Retelling childhood stories, Petra Collins and Alexa Demie play with juxtaposition: dark and light, violence and kindness, delicacy and tension. The soft focus and dreamy photography depict the truthful chaos and survival of mythical beings in a mortal world. The soft padding of the pillow-like book encases dark nightmares and escapist fantasies. Featuring illustrations by Evita Flores, deceivingly innocent, coloured-pencil drawings show butterflies in trees, witches and flying mice, a cottage in flames, and rope-wrapped mermaids accepting their fate. 

Open photo book featuring photographs and text on pink pages.

Demie, though, is floating fairy-like, held by those ropes, the opposite of forced constraint. The rope is intricately tied, more like shibari/kinbaku-bi than bondage. The ropes’ end is hidden, perhaps signifying her autonomy and freedom. This trope recurs throughout the book, challenging ideas of empowerment and restriction, symbolic of the patriarchy and our power to repurpose oppressive devices. 

The handwritten text is harder to follow; I’d recommend treating them as poems and re-reading the book to grasp the intensity of the stories told. The text brings new meanings to the images, plunging us into the reality of a fetishised existence.

The Siren’s chapter reads, “Why did being alive and being a sexual creature make her a monster?” Demie represents womxn through different lenses, all with outcomes of alienation and objectification.

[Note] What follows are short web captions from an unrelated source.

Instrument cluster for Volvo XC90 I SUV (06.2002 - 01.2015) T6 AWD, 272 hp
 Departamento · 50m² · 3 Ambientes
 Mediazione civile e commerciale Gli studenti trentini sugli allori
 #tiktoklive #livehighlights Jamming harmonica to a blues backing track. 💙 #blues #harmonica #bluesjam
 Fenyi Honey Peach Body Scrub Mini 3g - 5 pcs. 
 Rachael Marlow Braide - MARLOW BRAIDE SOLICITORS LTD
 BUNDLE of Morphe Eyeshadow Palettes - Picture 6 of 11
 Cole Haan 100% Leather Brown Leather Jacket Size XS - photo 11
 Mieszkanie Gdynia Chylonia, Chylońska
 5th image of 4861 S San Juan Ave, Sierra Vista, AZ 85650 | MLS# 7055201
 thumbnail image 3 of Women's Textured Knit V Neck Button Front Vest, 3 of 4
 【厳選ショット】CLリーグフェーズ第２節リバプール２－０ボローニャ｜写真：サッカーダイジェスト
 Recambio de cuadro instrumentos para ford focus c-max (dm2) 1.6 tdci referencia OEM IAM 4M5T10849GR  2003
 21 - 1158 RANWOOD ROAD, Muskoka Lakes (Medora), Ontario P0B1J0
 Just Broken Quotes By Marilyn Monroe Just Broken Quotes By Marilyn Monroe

Depicting feminine mythical creatures is challenging when historically, they have been the sexualised symbol of male violence and desire. Womxnhood becomes a metaphor, told through the darkness of fairy tales.

This book is for lovers of dystopian tales, for anyone interested in modern interpretations of folklore, femxle representation and hyperfeminine aesthetics. I think this book is a great signifier of the zeitgeist and the challenges womxn face today, particularly on social media and image-based communications.